The app launched last year and is currently available in 14 cities across the United States—metropolitan areas like New York, Boston, Chicago, and San Francisco.
I love eating and drinking out, but frequently feel bad about the dent it puts in my checking account, so I was intrigued by the premise of Seated. I tried it, and here’s what I found.
A limited but curated list of restaurants
Seated bills itself as a discovery app for the best restaurants in your neighborhood. If you happen to live in an area the app serves, you’ll find that it generally has a short, but worthy stash of options.
Where I live in Brooklyn, I found the seafood-focused Extra Fancy, as well as The Saint Austere, a small plates-style place I had been meaning to check out. Not far away in Manhattan, I spotted the beloved Tuome and Hecho en Dumbo, my favorite Mexican restaurant in the city (though it was incorrectly listed as Hecho de Dumbo in Seated). All provided rewards, which generally range from $10 to $50 and can be put toward the partner company of your choosing, for making a reservation and meeting a certain bill minimum. But reward amounts along with bill minimums vary depending on the eatery and party size. For instance, I found that the highly rated French bistro Le Coq Rico provided a $25 credit at Lyft, Amazon, or Starbucks, but it also required shelling out $100.
Rewards that work in the background
While Seated has relationships with the restaurants it curates, it works with minimum hassle to get you a table and rewards. I wanted to go to Saint Austere, so I made a same-day reservation for dinner with a friend. The actual reservation was completed through the online reservation platform Resy. I didn’t need to mention Seated to a server to get my $7 Lyft credit (plus a bonus $5 as a newcomer to the app using the promo code “welcome”), but I did need to take a picture of the itemized receipt and upload it to the Seated app to confirm we had spent $40 before tax and tip. If you don't do that, you're not getting your reward, though given that Seated tends to work with higher-end establishments, meeting minimums isn't hard.

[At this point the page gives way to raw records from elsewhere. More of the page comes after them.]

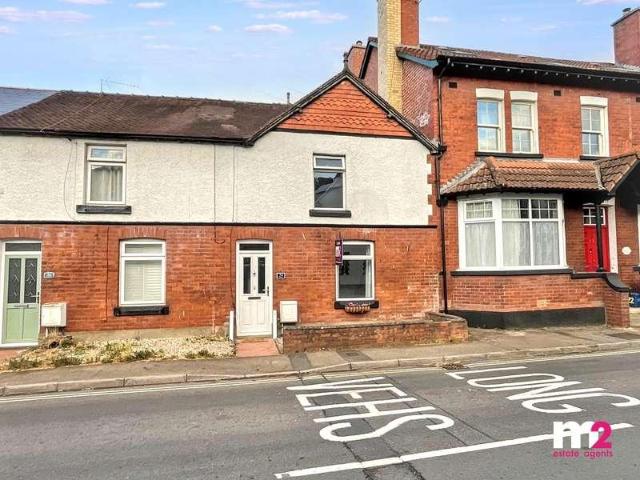 2 bed house for sale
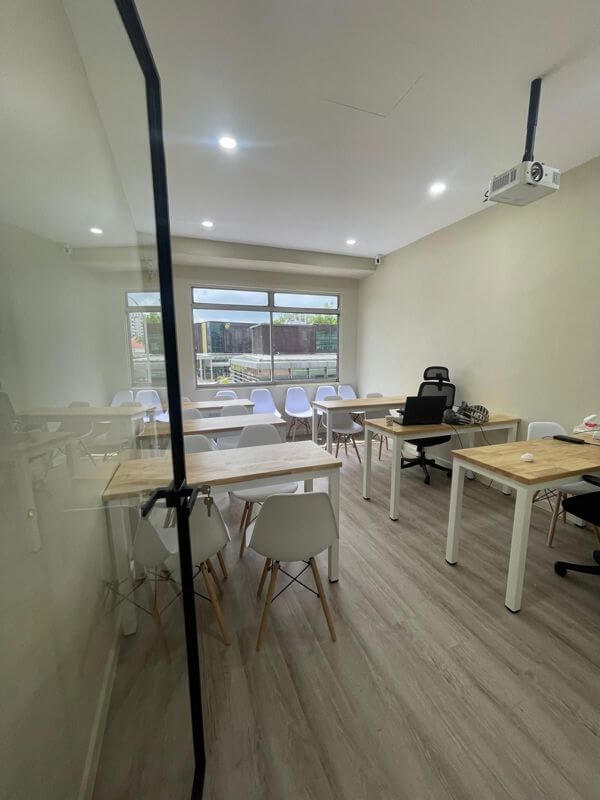 Fully Renovated Tuition Space For Takeover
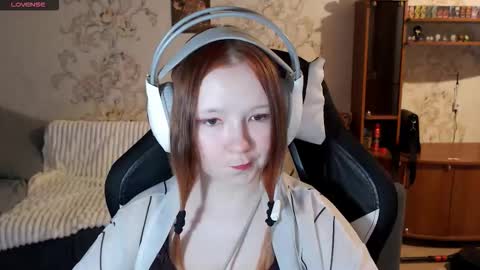 Lisa Backler online show from 10.03.25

Would I have gone out to dinner at that particular restaurant on that night otherwise? Probably not, but the dinner was indeed delicious, and by the next day, I had a $12 credit in my Lyft app as a result of something I do regularly. And even though my friend and I split the $107.22 bill, I got the full reward as the person who made the reservation. That means a luxurious, free trip home on another night when I would’ve normally taken the subway.

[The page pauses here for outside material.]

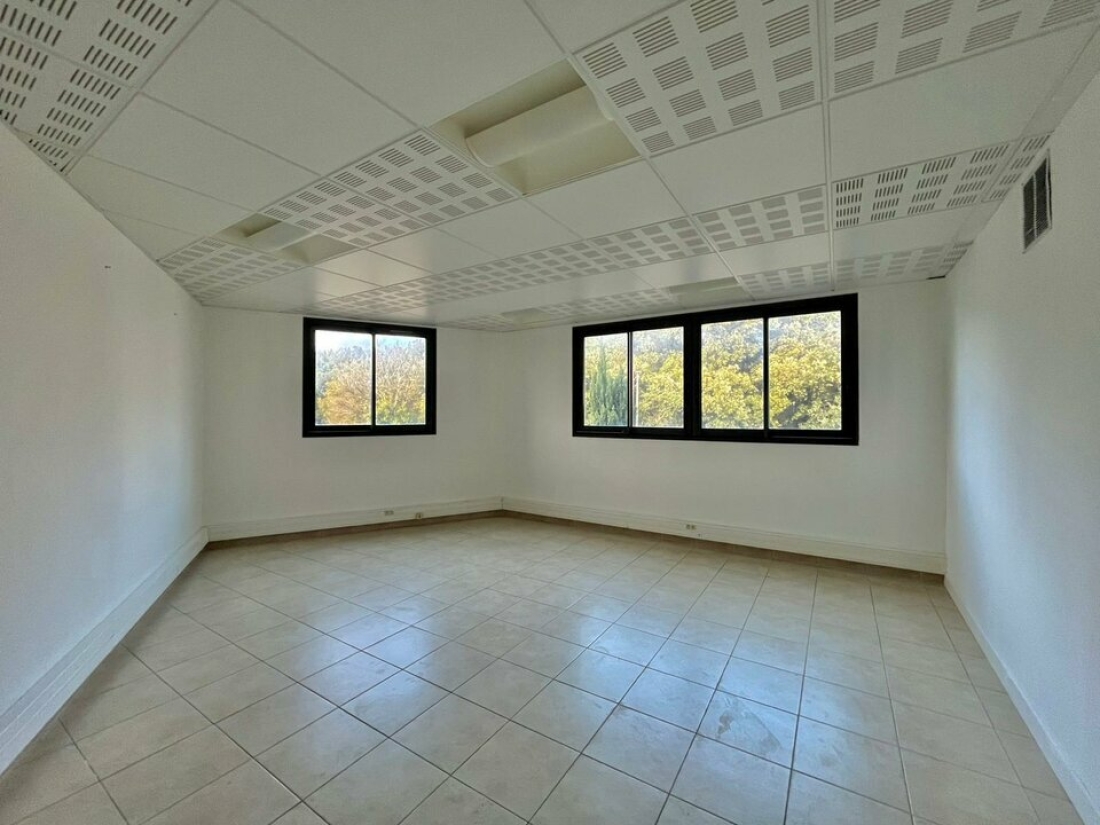 Photo 7 – vente bureaux	MOUANS SARTOUX (06370)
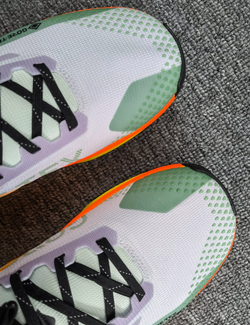 Мужские кроссовки Nike Pegasus Trail 4 Gore-tex 'Yellow Orange' DJ7926-500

The drawbacks of a new app
The only real problem with Seated is that it can be tough to find what you actually want in the app. Seated promotes certain restaurants with higher money prizes, known as “Surging Rewards,” which may not interest you. The filtering system can make it difficult to narrow down what’s attractive. When I recently tried getting a table, the new walk-in feature came up as a default, even though I was trying to reserve well in advance.
You also are limited to how many times you can claim a reward from the same restaurant — according to the app's FAQ, the premise is "discovery" so in order to keep reaping the benefits, you'll have to be willing to branch out.
Seated could also use tweaks, and probably a few more restaurants, but it delivers on its basic premise. By the time I was done with dinner, I had finished off steak, pasta, and octopus with my friend, along with two glasses of wine each. My apartment was easily accessible by train, so I decided to save my Lyft transportation for the future, when I would normally be paying. A free ride, after all, is hard to deny.